▶ **PROBLEM DETAILS**
Do not copy the pictures. Write out the lines from the start of the entries through the line containing "dining space with".

__________

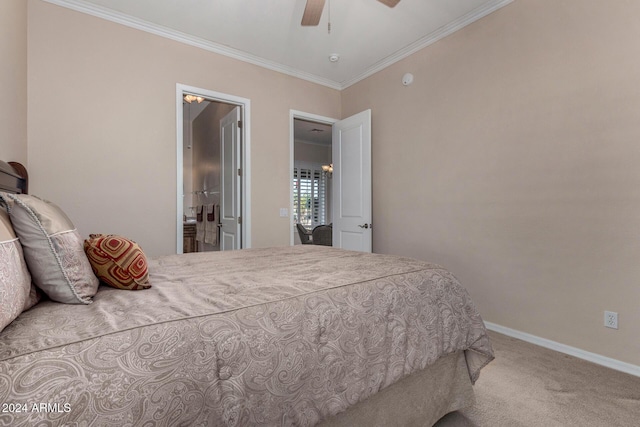 carpeted bedroom with ceiling fan, crown molding, and ensuite bath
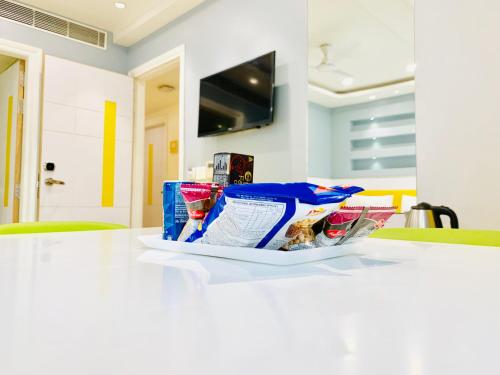 a plate of food sitting on a kitchen counter at City Empire New Delhi Train Station in New Delhi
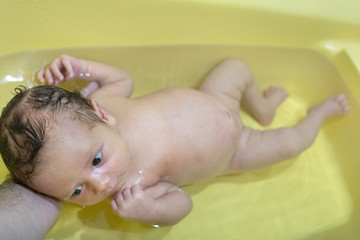 Small baby first bathing on mothers hands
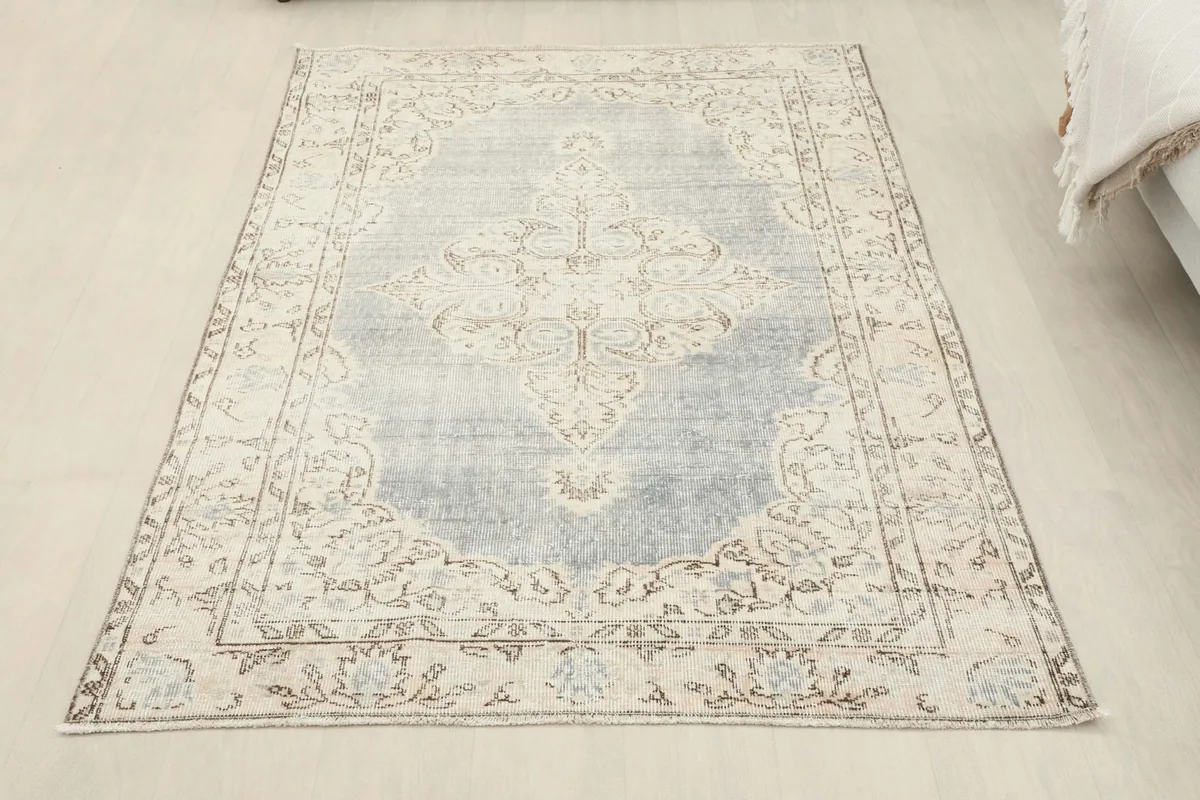 Full overhead view of the vintage Anatolian rug from a slightly elevated perspective in a room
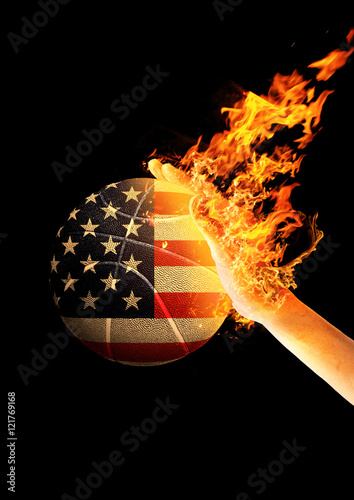 Mão em Chamas arremessando Bola de Basquete pintada com a Bandeira dos Estados Unidos photo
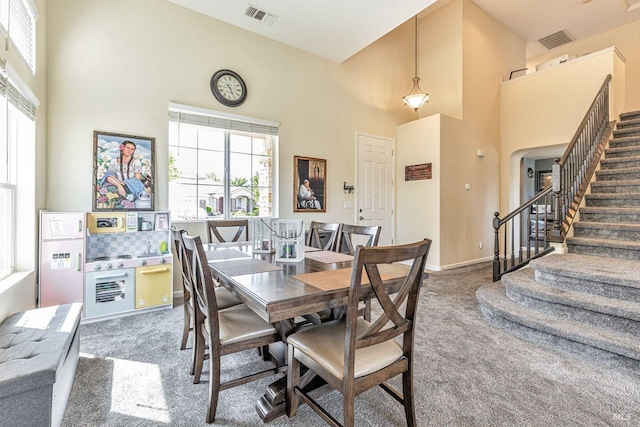 dining space with stairway, a towering ceiling, carpet flooring, and visible vents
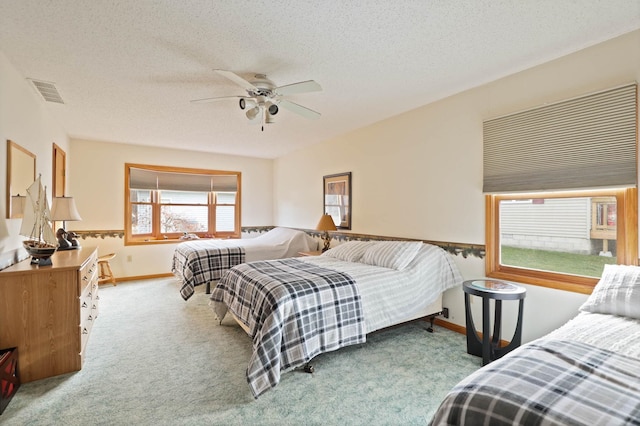 carpeted bedroom with a textured ceiling and ceiling fan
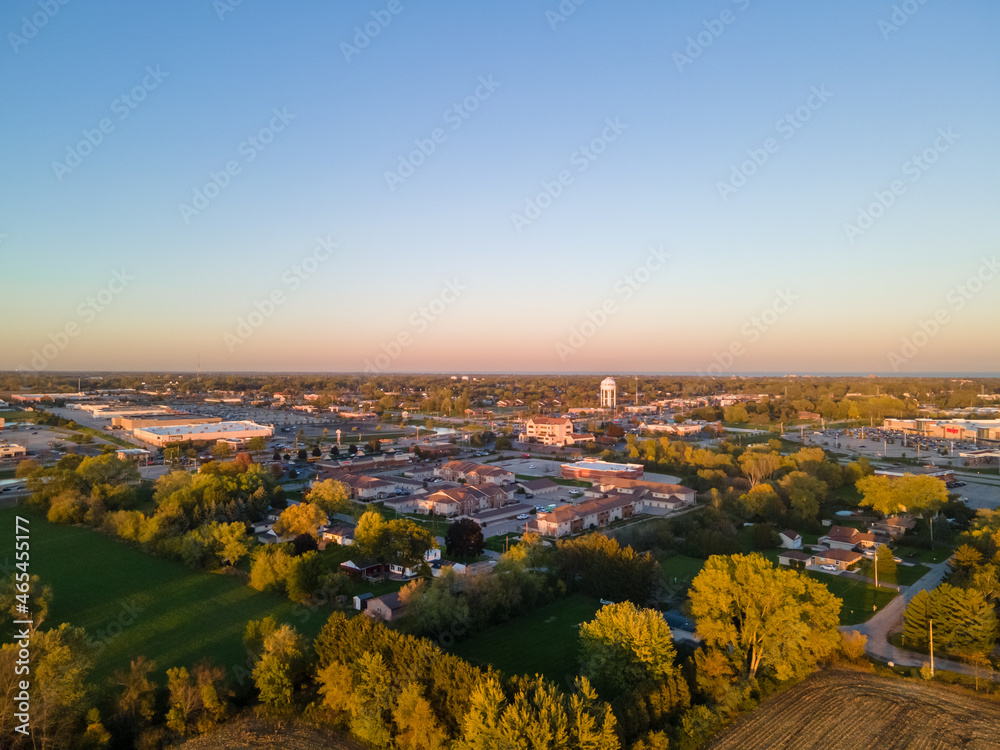 aerial view of urban city in autumn with bright blue sky and colored foliage.  water tower seen in distance.  neighborhood marked by rows of trees. blue sky in horizon with pink tinges of sun.      
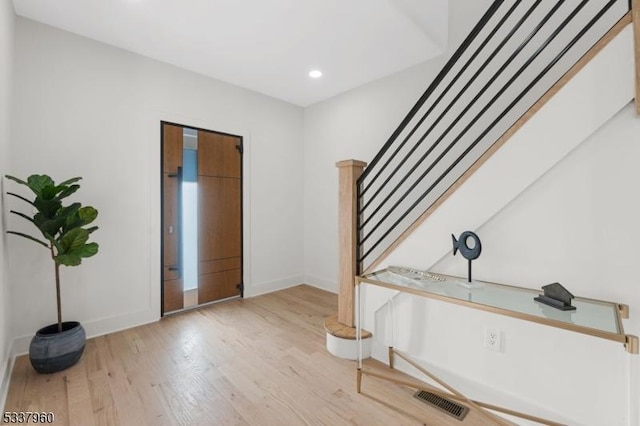 foyer entrance with stairway, wood finished floors, visible vents, and baseboards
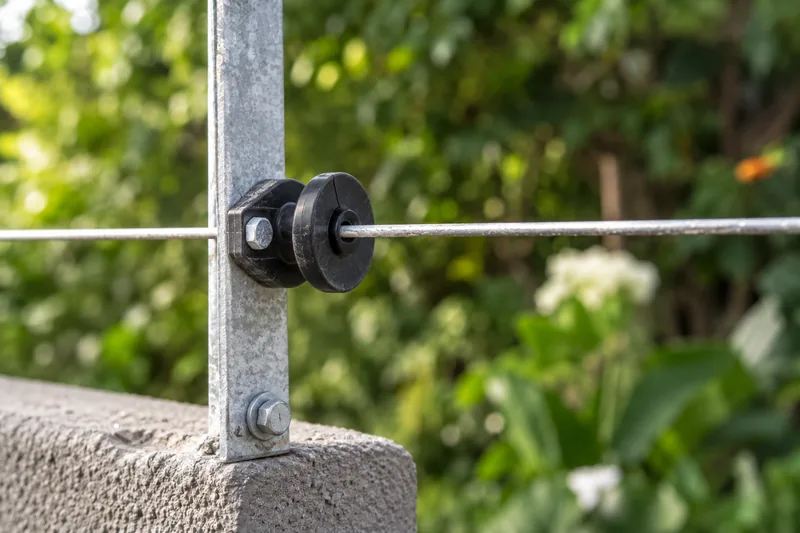 Close-up of a cracked black electric-fence insulator supporting a single wire
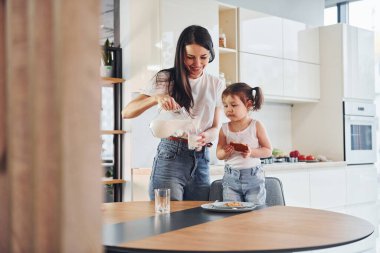 Mother pouring fresh milk into the glass for her little daughter in kitchen.
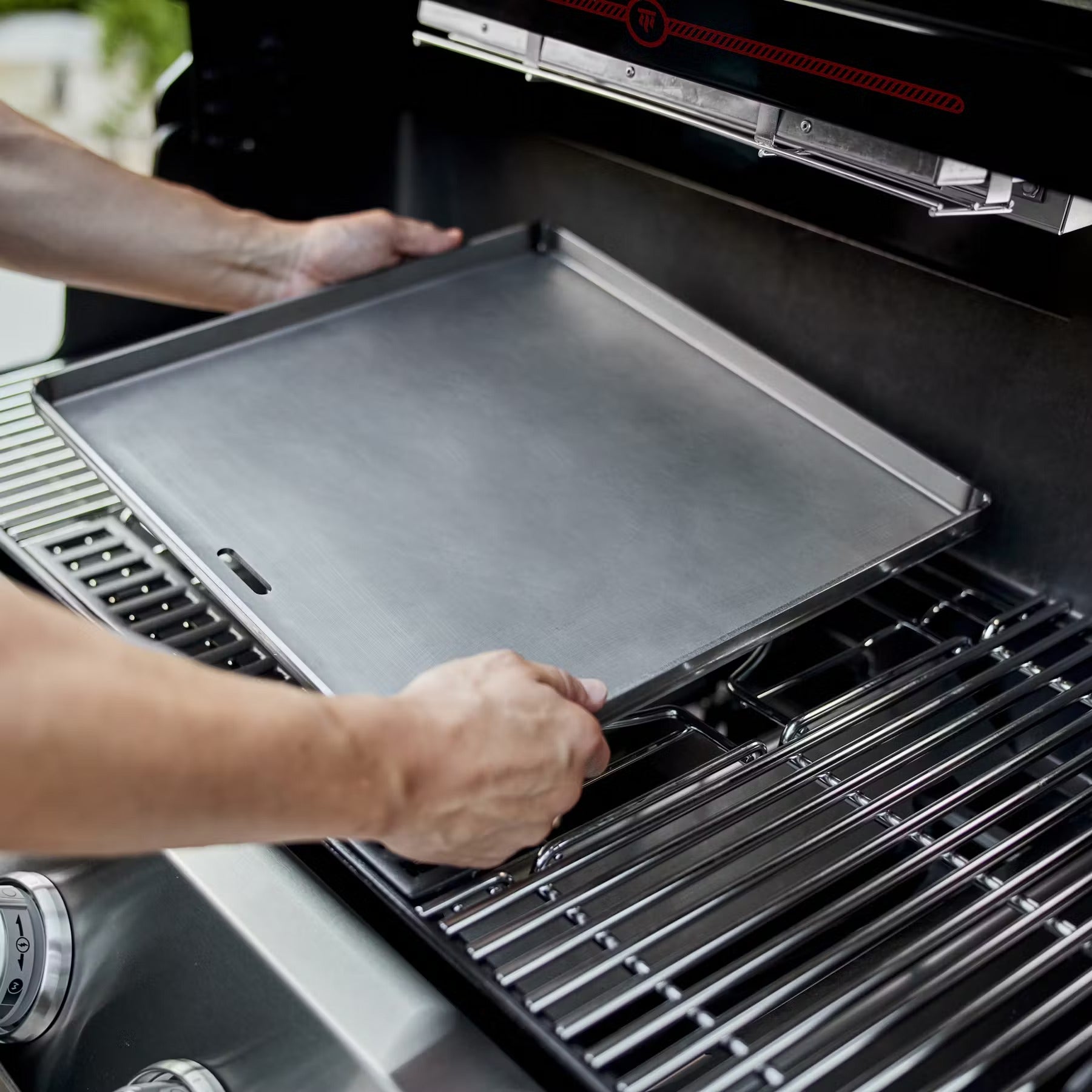 Weber Summit Built-In 5 burner gas barbecue in outdoor kitchen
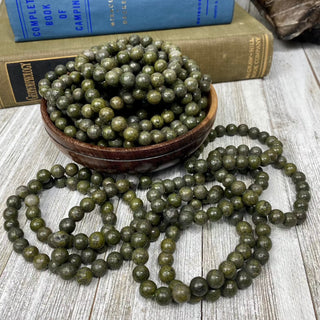 Epidote with Pyrite 8mm Round Bead Crystal Bracelet from Curious Muse Crystals for 7. Tagged with 8mm beads, bracelet, crystal jewelry, epidote, gemstone bead, gemstone jewelry, gold, green, healing jewelry, pyrite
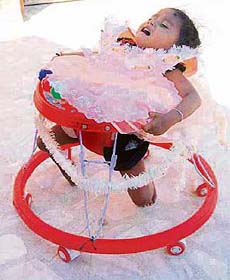 Lakshmi Tatma, 2, uses a baby walker to take steps at her home in a village on the outskirts of Jodhpur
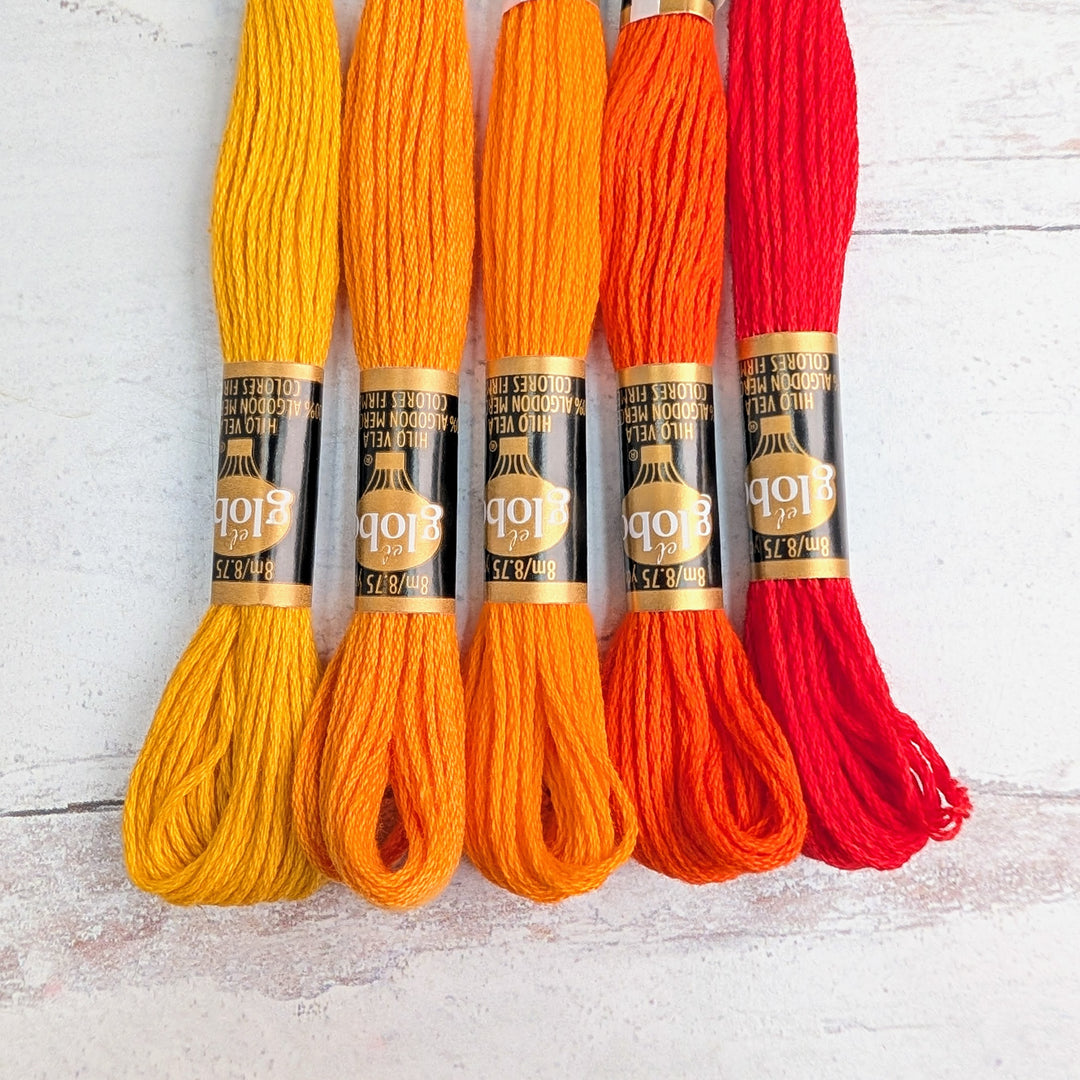 Five skeins of Hilo Vela El Globo Embroidery Thread (8m Skeins) - Orange in varying shades from yellow to red, neatly arranged on a light wooden surface.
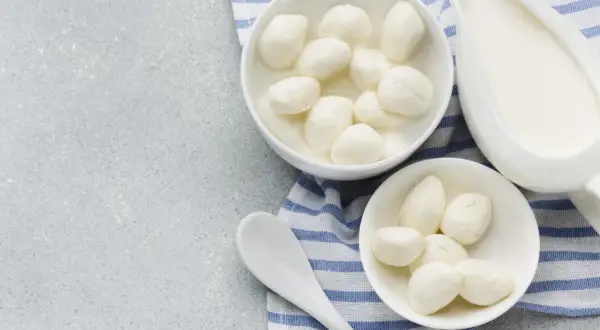 Dwa białe naczynia z serkiem fior di latte, jedno z kulkami w zalewie, obok dzbanek z mlekiem i łyżka na tle z niebiesko-białym pasem.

__________

▶ **TASK RESPONSE**
 carpeted bedroom with ceiling fan, crown molding, and ensuite bath
 a plate of food sitting on a kitchen counter at City Empire New Delhi Train Station in New Delhi
 Small baby first bathing on mothers hands
 Full overhead view of the vintage Anatolian rug from a slightly elevated perspective in a room
 Mão em Chamas arremessando Bola de Basquete pintada com a Bandeira dos Estados Unidos photo
 dining space with stairway, a towering ceiling, carpet flooring, and visible vents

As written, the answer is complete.